Con il passare del tempo, è diventata sempre più netta la diversificazione progettuale tra il trio dei Fire! e l’ensemble ampliato della Fire! Orchestra.
Il free-jazz resta territorio comune delle due formazioni; ciò che differenzia i due fronti espressivi di Mats Gustafson, Andreas Werliin e Johan Berthling è una sempre più essenziale struttura strumentale del progetto Fire!, scelta che l’ultimo album “Testament” spinge all’estremo con un rigido set – sassofono, basso e batteria – e con un’attenzione alle radici del blues e alle primigenie produzioni jazz.
Per l’album forse più monocromatico e basilare della loro discografia, i Fire! hanno chiesto a Steve Albini di farsi carico del ruolo di produttore, risvegliando l’approccio più hard’n’heavy dell’album “The Hands” senza però ricalcarne l’evoluzione.
Cinque brani asfissianti, intelligentemente vicini alla seducente arte del disagio che è linguaggio espressivo anche di quei germi kraut-rock che non smettono mai d'infestare le strabilianti geometrie del trio, presenti in particolare sulla devastante e ingegnosamente anarchica “One Testament.
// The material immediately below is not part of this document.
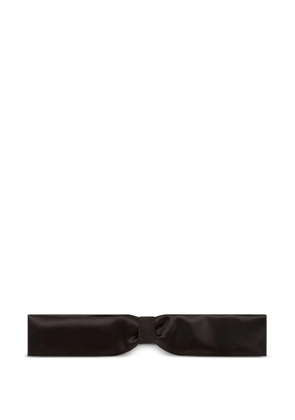 Nina Ricci satin bow tie - Black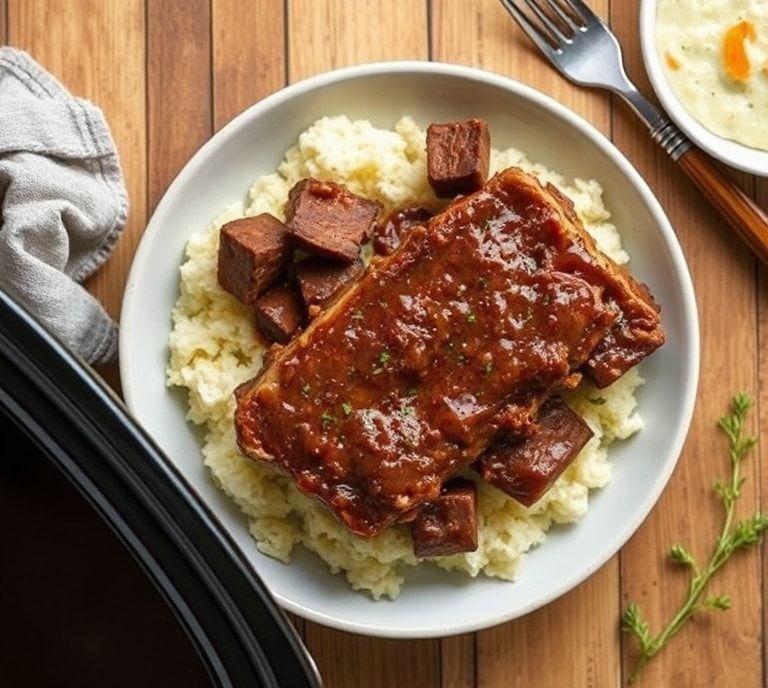 Slow Cooker Beef Ribs Easy Recipe (Guide)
One Aim. One More To Go. Again”, un brano che sembra quasi voler contraddire l’avvincente bellezza del groove che infiamma invece “Running Bison. Breathing Entity. Sleeping Reality”, un blues che pian piano si prosciuga da sangue, sudore e lacrime per un’esplosione di candida furia che anticipa un ingannevole ritorno alla normalità, ultimo grido di un’apparente normalizzazione che incute terrore.
Da eguale rigore è pervasa la breve “Four Ways Of Dealing With One Way”, in cui la batteria detta luoghi e tempi, mentre melodie monotonali tentano di arginarne lo spirito free, anche in questo caso in antitesi con la traccia che la precede, “The Dark Inside Of Cabbage”, nella quale le dissonanze e le discordanze creano una dolente e magica aura sonora.
Con “Testament” i Fire! confermano di non aver perso l’ispirazione dei giorni migliori e di aver conquistato ulteriore padronanza espressiva. Dopotutto questo è un album che mette subito in chiaro le prospettive espressive e tecniche senza alcun trucco: non solo scompare del tutto l’elettronica, ma la registrazione analogica crea un atmosfera live ancor più viscerale.
Già dalle prime note di “Work Song For A Scattered Past” è evidente che l’ottavo album della formazione è un viaggio nell’oscurità e nel buio dell’anima del blues e del jazz, e ancora una volta il risultato è eccellente.